A second issue that necessarily arises is, where do we stop the burden shifting? The Stigler Report itself only discusses what should be done to digital markets. However, a change in antitrust law in one area could have a snowball effect into disrupting more than just the industry it was intended to impact. Further, how would mixed industries be affected by a shift in who bears the burden of proof? The Stigler Report notes that the value of shifting the burden of proof from the prosecution to the defense is not to increase precision in identifying anti-competitive mergers, but it would simply forestall any mergers that could potentially be anti-competitive based on the quality of the arguments made by the defense.

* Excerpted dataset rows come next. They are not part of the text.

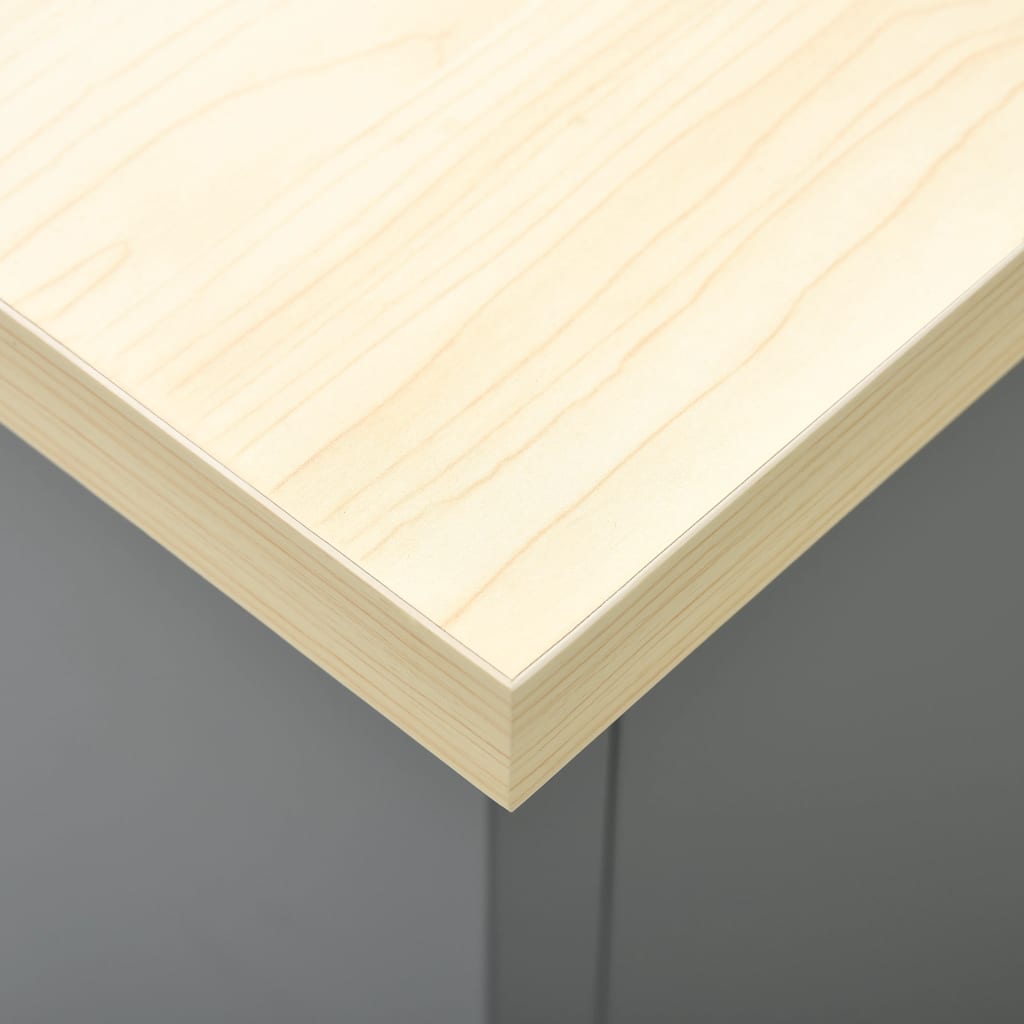 Työtaso Musta 160X60X85 Cm Teräs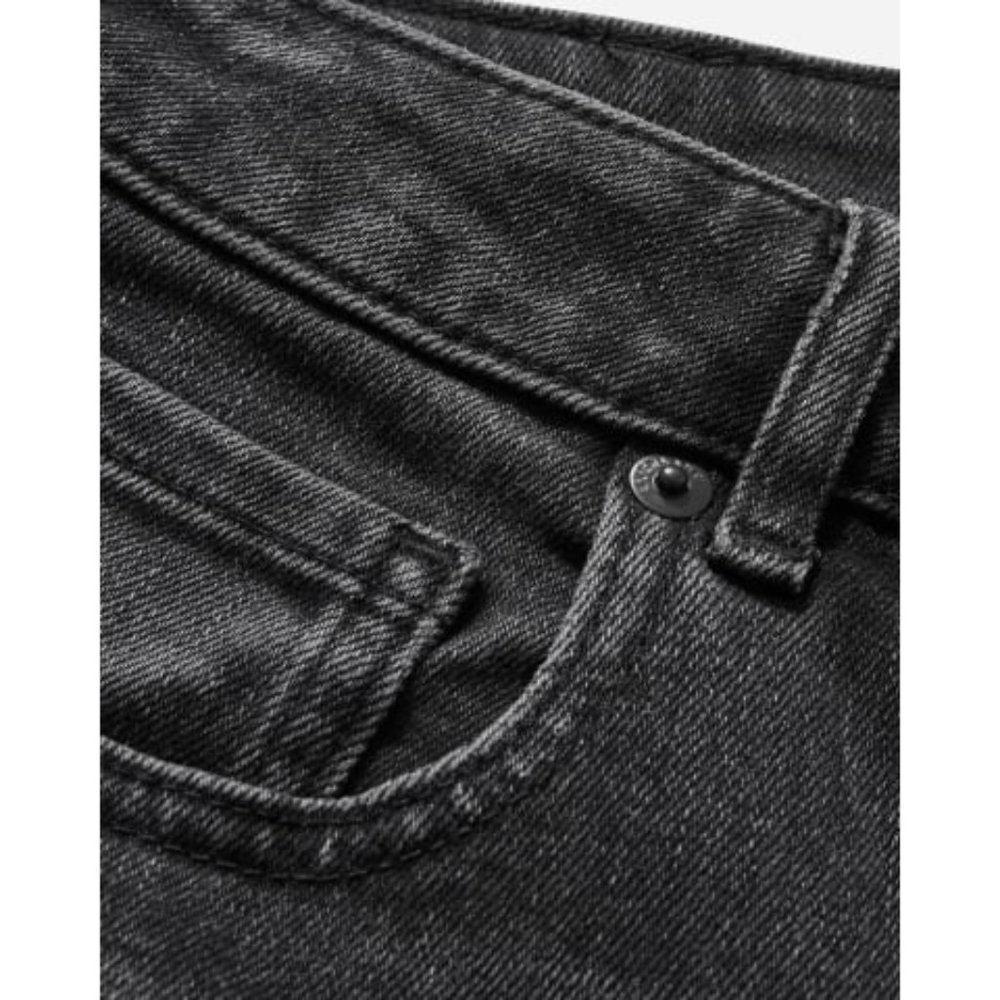 Everlane The Curvy Cheeky Straight Jean Stretch Washed Black Size 34 - Picture 6 of 10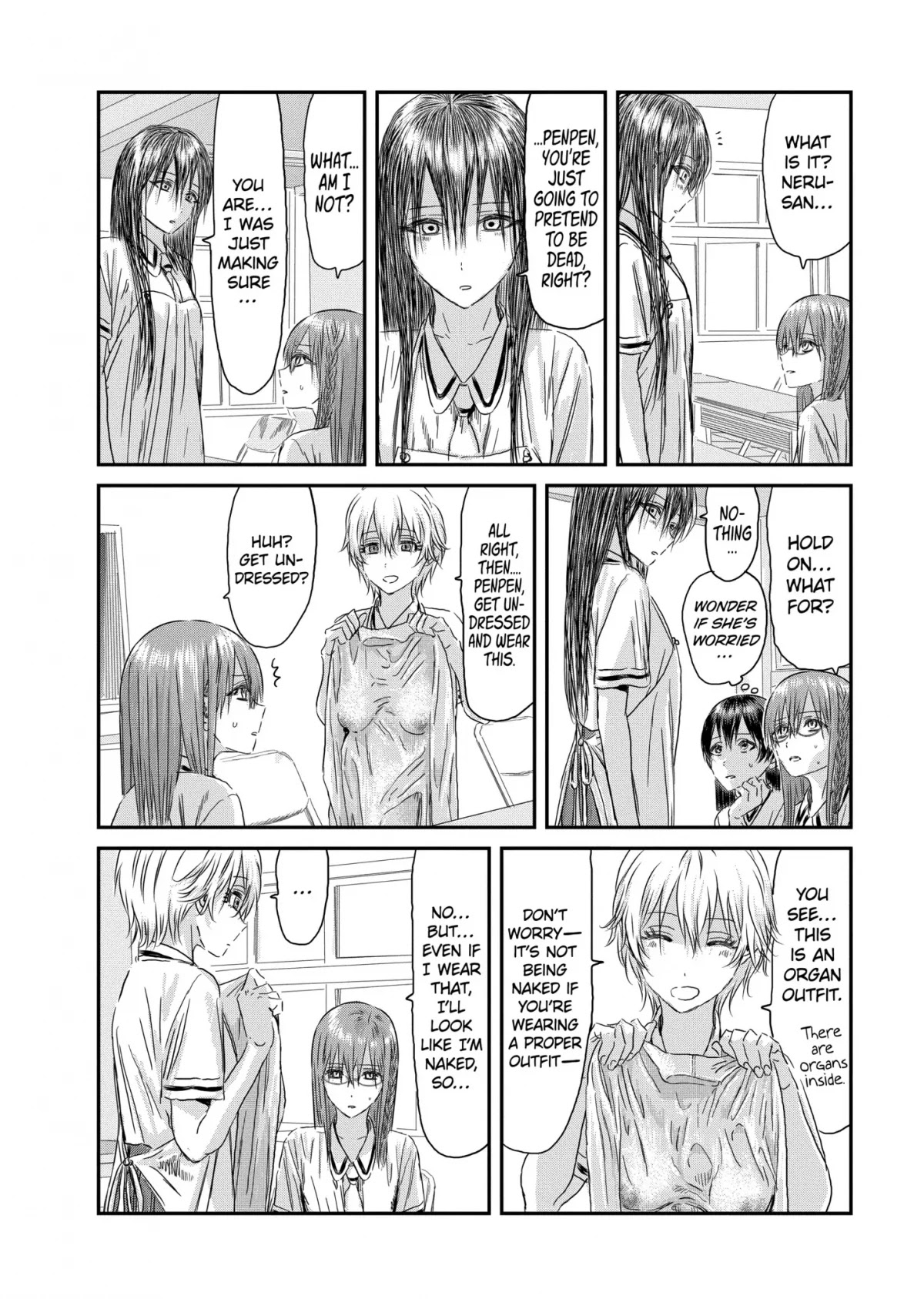 Asobi Asobase Chapter 119 page 4 - Chapter 119: Dissecting Friends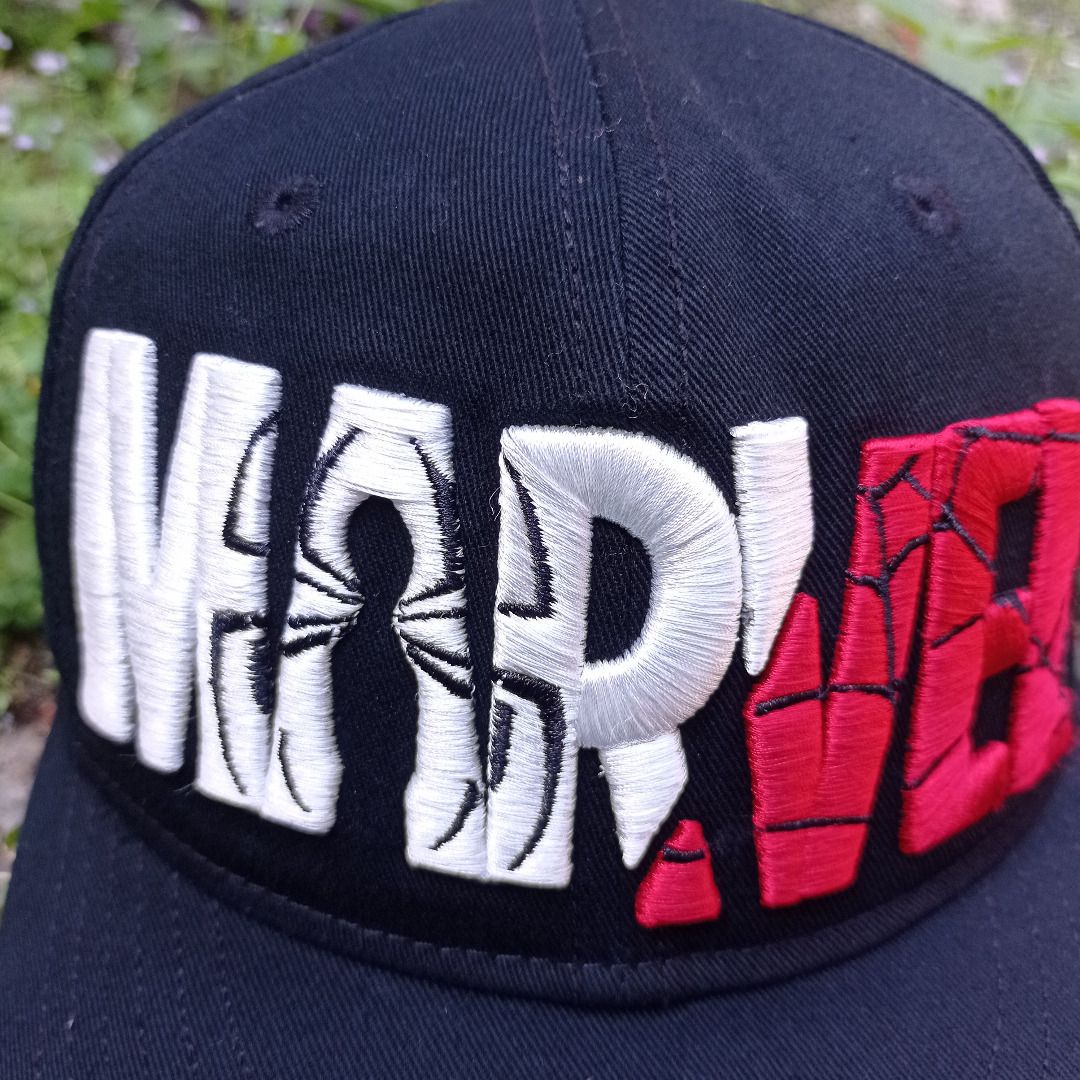 Marvel Spiderman To The Rescue Topi Anak Laki-Laki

The Report seems to lean on the premise that once mergers between substantial competitors or dominant firms are presumed unlawful, competition will increase and that new entrants will find it easier to enter the market. However, while this may increase competition horizontally across markets, it could result in an uptick in vertical mergers, which the Stigler Report finds just as unacceptable.

Competition

Some, if not all of society’s most useful innovations are the byproduct of competition. In fact, although it may sound counterintuitive, innovation often flourishes when an incumbent is threatened by a new entrant because the threat of losing users to the competition drives product improvement. The Internet and the products and companies it has enabled are no exception; companies need to constantly stay on their toes, as the next startup is ready to knock them down with a better product.